◆ EXCERPTED DATA ◆
* * * *
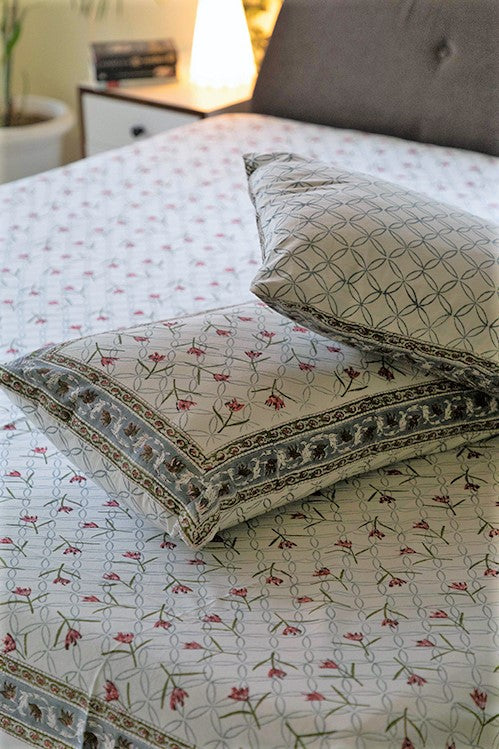 Sootisyahi 'Lily Liberty' Handblock Printed Cotton Bedsheet - Image 3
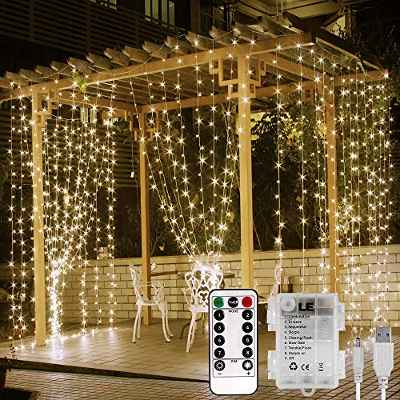 Lepro Cortina Luces LED 3x3m 300 LED, USB o PILAS, Cadena de Luces Blanco cálido, 8 Modos Luz, Impermeable Interior y Exterior, Luz de Hadas Intensidad Regulable, Decoración de Fiesta, Navidad, Balcón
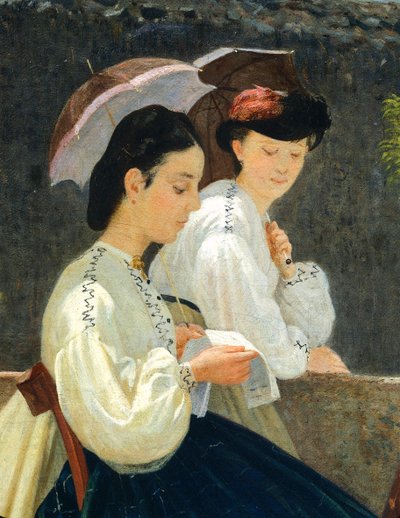 Almsgiving by Silvestro Lega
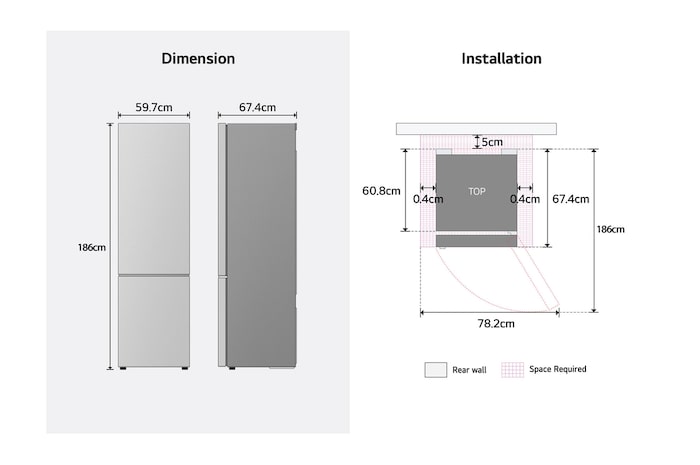 Dimension and Installation of LG bottom freezer.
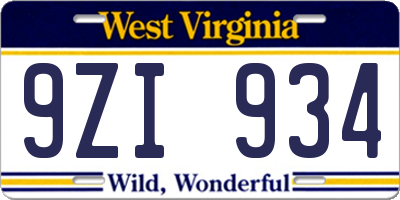 WV license plate 9ZI934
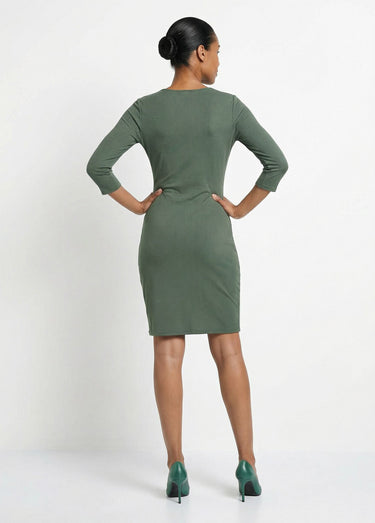 Robe cache coeur jersey cotelé Essentiel Kaki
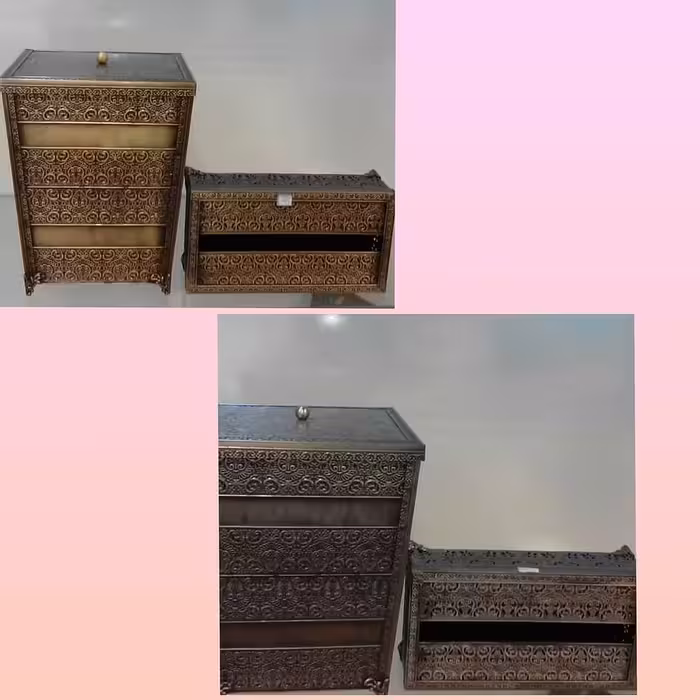 سطل و جا دستمال کاغذی در دو طرح آنتیک و پیوتر با ضمانت رنگ.در دو رنگ طلایی و نقره ای 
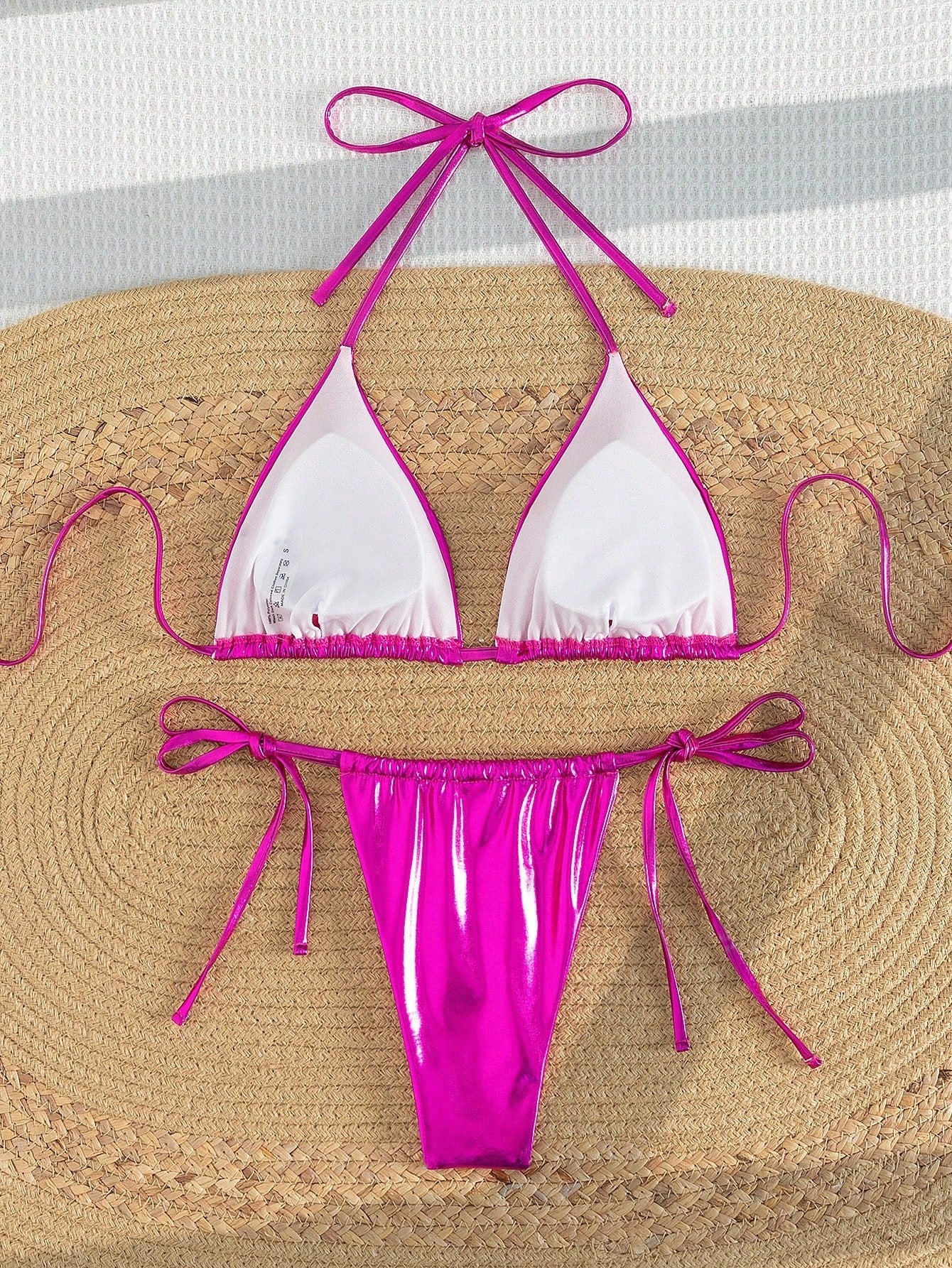 Metallic Halter Bikini Hot Pink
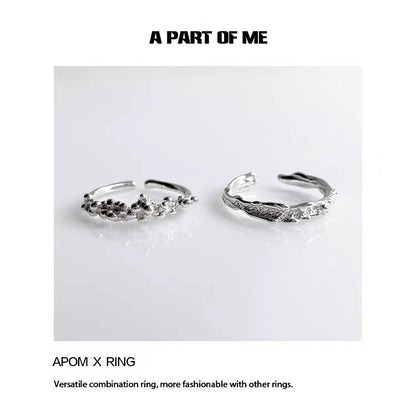 A PART OF ME surf texture couple rings in silver with stylish floral and wave designs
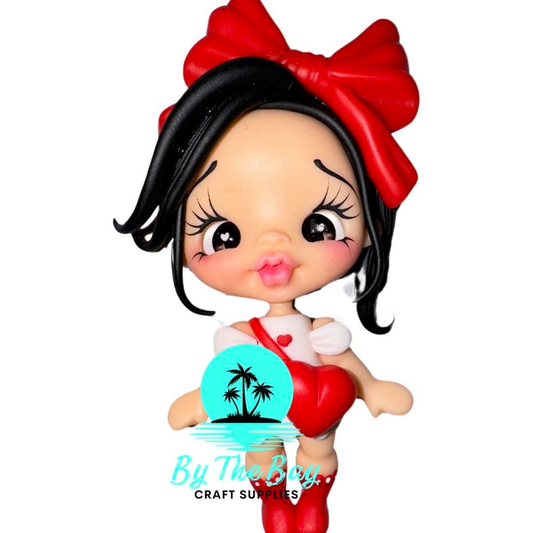 Valentines girl with red bow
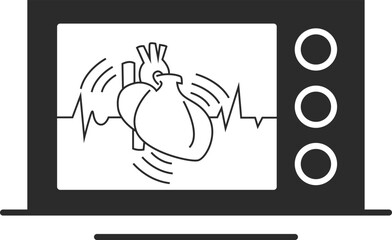 Cardiogram analysis icon, cardiology icon black vector
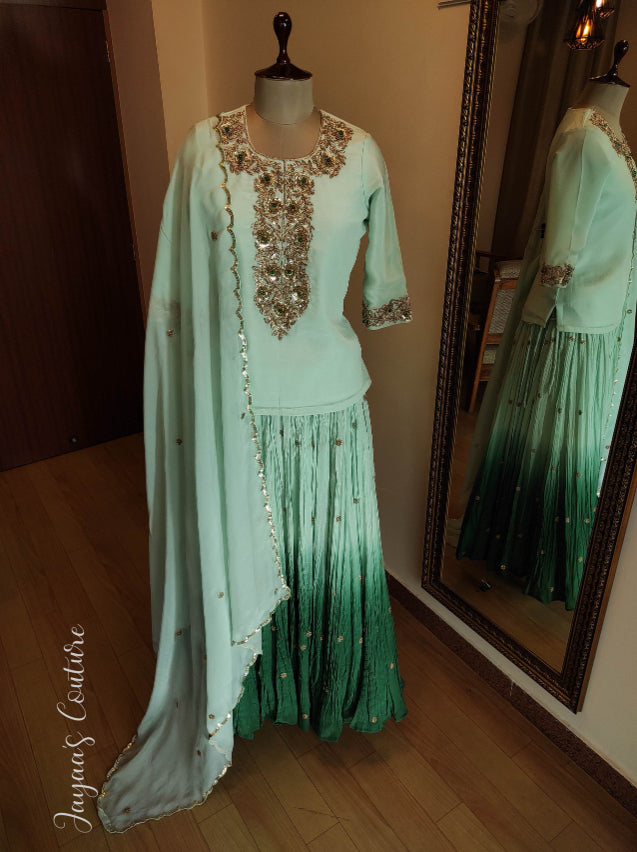 Dusty Green crushed ombre shaded olive lehenga set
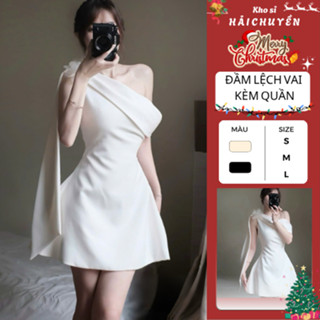   BST MỚI  Đầm xòe ngắn A lệch hoa vai KÈM QUẦN Kho sỉ Hải Chuyền Đ284 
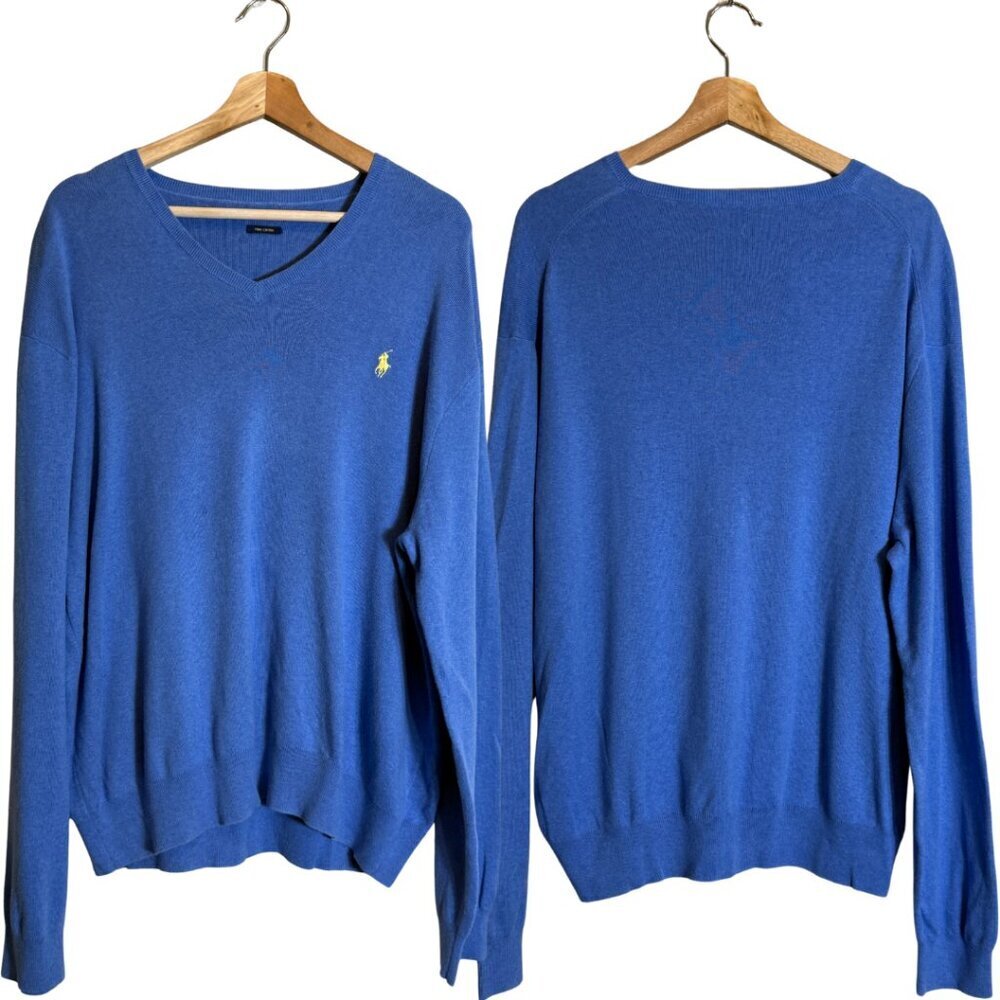 Polo Ralph Lauren Pima Cotton V-Neck Sweater Pullover Men's XL* Blue Preppy Soft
* * * *
◆ DIRECTIONS ◆
Please return the full listing exactly as given, with the images left out.

◆ RESPONSE TO THE TASK ◆
 Sootisyahi 'Lily Liberty' Handblock Printed Cotton Bedsheet - Image 3
 Lepro Cortina Luces LED 3x3m 300 LED, USB o PILAS, Cadena de Luces Blanco cálido, 8 Modos Luz, Impermeable Interior y Exterior, Luz de Hadas Intensidad Regulable, Decoración de Fiesta, Navidad, Balcón
 Almsgiving by Silvestro Lega
 Dimension and Installation of LG bottom freezer.
 WV license plate 9ZI934
 Robe cache coeur jersey cotelé Essentiel Kaki
 سطل و جا دستمال کاغذی در دو طرح آنتیک و پیوتر با ضمانت رنگ.در دو رنگ طلایی و نقره ای 
 Metallic Halter Bikini Hot Pink
 A PART OF ME surf texture couple rings in silver with stylish floral and wave designs
 Valentines girl with red bow
 Cardiogram analysis icon, cardiology icon black vector
 Dusty Green crushed ombre shaded olive lehenga set
   BST MỚI  Đầm xòe ngắn A lệch hoa vai KÈM QUẦN Kho sỉ Hải Chuyền Đ284 
 Polo Ralph Lauren Pima Cotton V-Neck Sweater Pullover Men's XL* Blue Preppy Soft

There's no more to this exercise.